Try it
In the records that follow, find the line containing "Flor silvestre naranja con fondo verde" and the line containing "Hecht Pro Komplettset", then transcribe both and every line between them exactly, omitting pictures.

Provided material
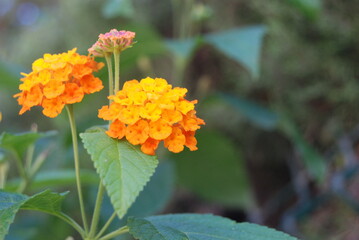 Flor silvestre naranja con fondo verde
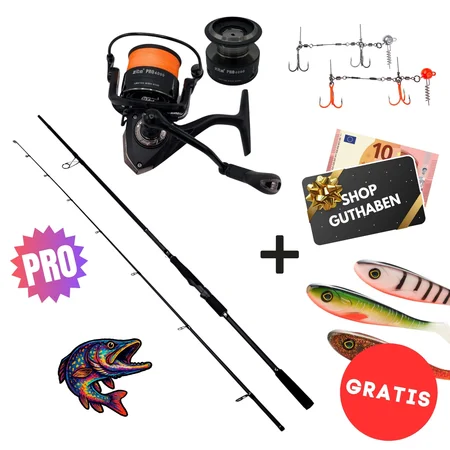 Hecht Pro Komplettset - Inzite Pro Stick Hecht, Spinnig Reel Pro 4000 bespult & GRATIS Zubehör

...

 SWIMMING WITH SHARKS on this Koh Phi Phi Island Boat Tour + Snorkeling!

Response to this task
 Flor silvestre naranja con fondo verde
 Hecht Pro Komplettset - Inzite Pro Stick Hecht, Spinnig Reel Pro 4000 bespult & GRATIS Zubehör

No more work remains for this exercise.